Choose a file name (which probably involves taking off the scanner so I can check the date and add it to the file name). Put back on scanner, close lid.
Sit and wait while it scans (only 30s, but not much else I can do).
Open lid.
Remove page, and place on the floor for recycling or shredding.
Place page 2 carefully on the glass.
Close lid.
Click scan now.
Wait again. another 30s.
Open lid.
Remove page.
Close lid.
Click "No I don't want any more pages".
Wait for OCR to complete.
Stop typing this blog post while Abbyy FineReader (OCR software) steals my keyboard focus.
Hope I haven't typed anything that would interrupt the OCR process.

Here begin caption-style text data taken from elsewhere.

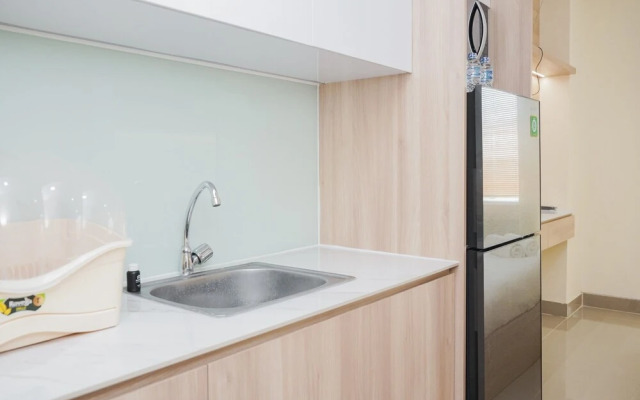 Cozy and Simply Studio Room at B Residence Apartment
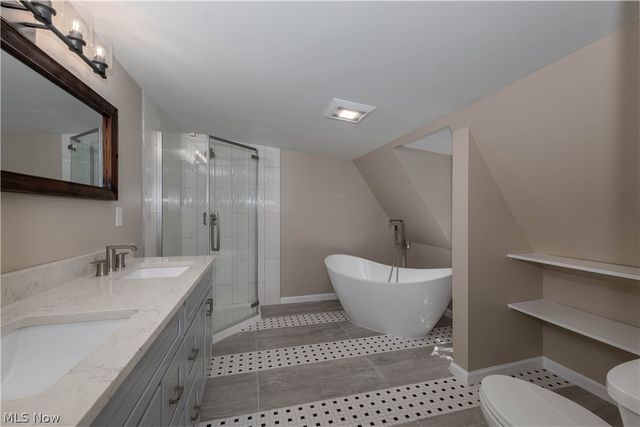 223 High Street SE, Canal Fulton, OH 44614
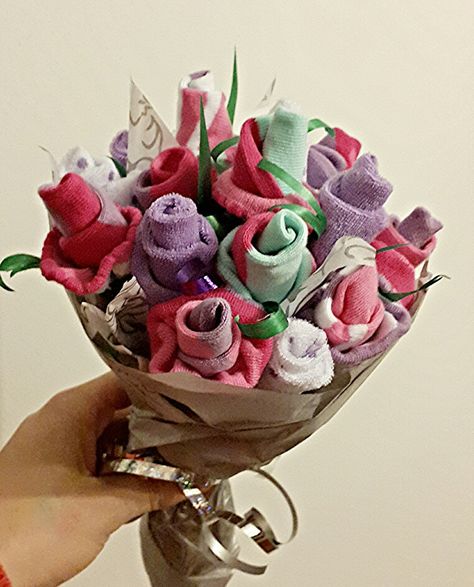 Baby sock bouquet Sock Bouquet Women, Socks Wrapping Gift Ideas, Socks Bouquet, Sock Roses, Sock Bouquet, Baby Sock Bouquet, Boyfriends Birthday Ideas, Baby Bouquet, Diy Diaper Cake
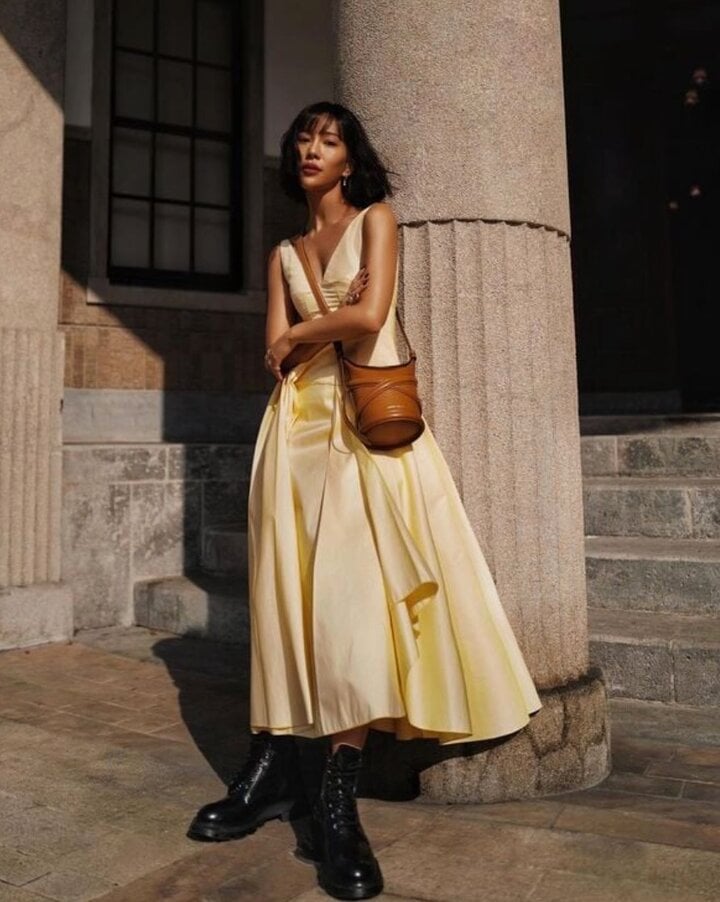 Tuyệt chi&ecirc;u phối đồ cho chị em da ngăm - Ảnh 6.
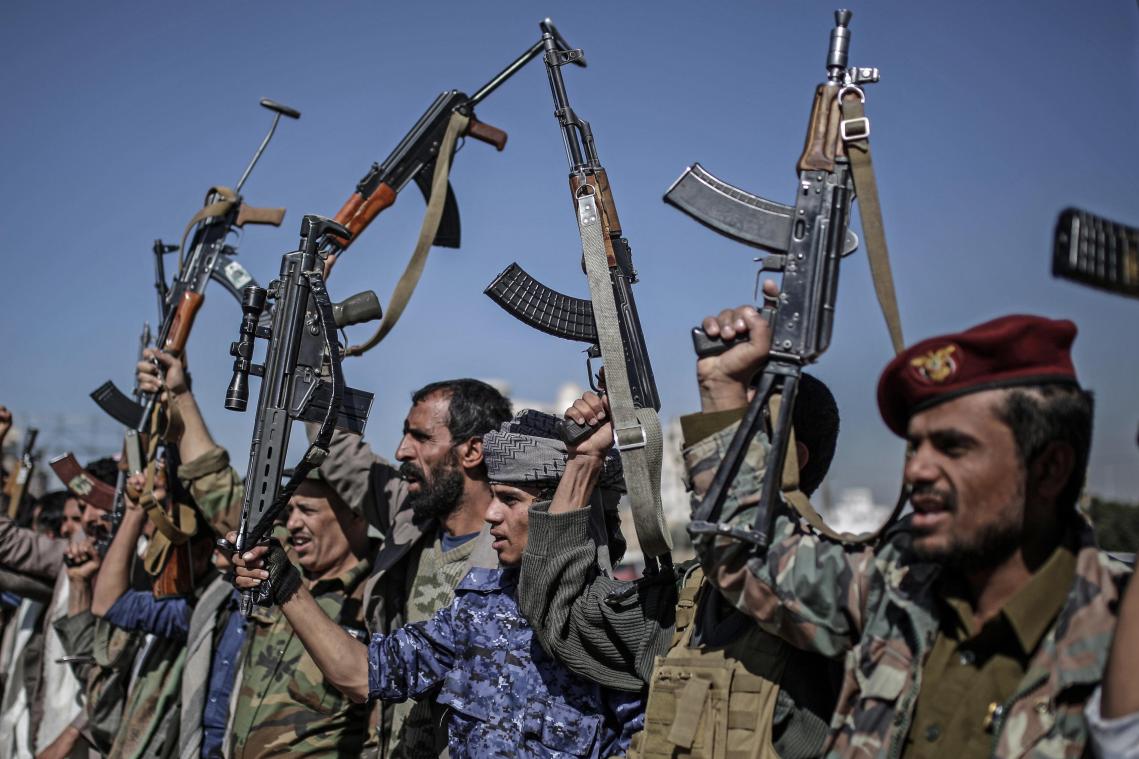 <p>Jemen, Sanaa: Huthi-Rebellen halten während einer Versammlung ihre Waffen.</p>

Breathe a sigh, and wish I had that 3 minutes of my life back, and decide I'll put off scanning the rest of a pile for another day.

You probably didn't want to read that, but I didn't want to do it. Lots of these steps could be improved in small ways but let me dream the big dream.
Imagine a box the size of a laptop, with something like the lid of a professional photocopier on top, but it only needs to be A4 size. I walk up to it, put the document on the feeder, and hit a big green button. All the sheets feed through the feeder in a second or two, and I either walk away leaving it in the "to be recycled" pile or collect it and shred it.
The machine scans it both sides at maximum resolution and in colour, after all storage is free, and saves it to the hard drive as an incoming image. Maybe from my fingerprint on the button it knows it is me scanning it. Then in the background a number of things happen. After all, this box is idle most of the time. 
It runs the document through OCR. It auto rotates it to the correct orientation, even sorting out pages I fed through upside down or back to front. 
It works out from this if it seems to be more appropriate to be a photo (JPEG) or PDF. If JPEG it adds appropriate tags from the date of scanning, and maybe some image recognition. If a PDF, it merges the OCR text and image together and stores to the hard drive. 
The built in google desktop like functionality in the box indexes it. It also does "more like this" analysis similar to google images and google web. 
It then encrypts it to store it, so if the machine gets broken into I don't lose confidential information, like I would with a filing cabinet. They key is securely stored with my password, but optionally recoverable depending whether I think the risk of forgetting or the risk of the service being compromised is greater. The input queue is then securely wiped of the original.
It connects to a free online digital signing service (through it's wireless network connection to my home network) and signs the document with the date, so I can prove in court I had it when I scanned it.
Most importantly, I don't have to wait.
Later on I come back and want to find my bill. I connect to the machine from my laptop. Did I mention the cabinet connects wirelessly to my home network seamlessly. I go to its web interface (secured appropriately), and look for "gas bill". 
It finds a number and presents them in chronological order, most recent first. 
And also offers "more like these" functionality. However it does it I can always find my document. I can tag it with tags, like I can with my gmail to make sorting easier, but I don't really need to.
If I'm worried about the hard drive, I can synchronize it with a directory on my laptop. Or stick a DVD-R or CD-R into the box's built in drive which automatically burns me a backup copy. Which I can restore from seamlessly if I need to replace the drive, and it merges in, not overwrites.
But most of the time all I do is stick in some sheets and press a button.
Google, Canon, Lexmark, Xerox, Apple - where are you? When can I have one? All of this functionality already exists, it just needs a good designer(are you listening Jonathan Ive?) to stick it all together.

P.S.
This post deserves a confession. I had a previous job working for a Canon research lab in Human Computer Interaction. Why didn't I think of this then?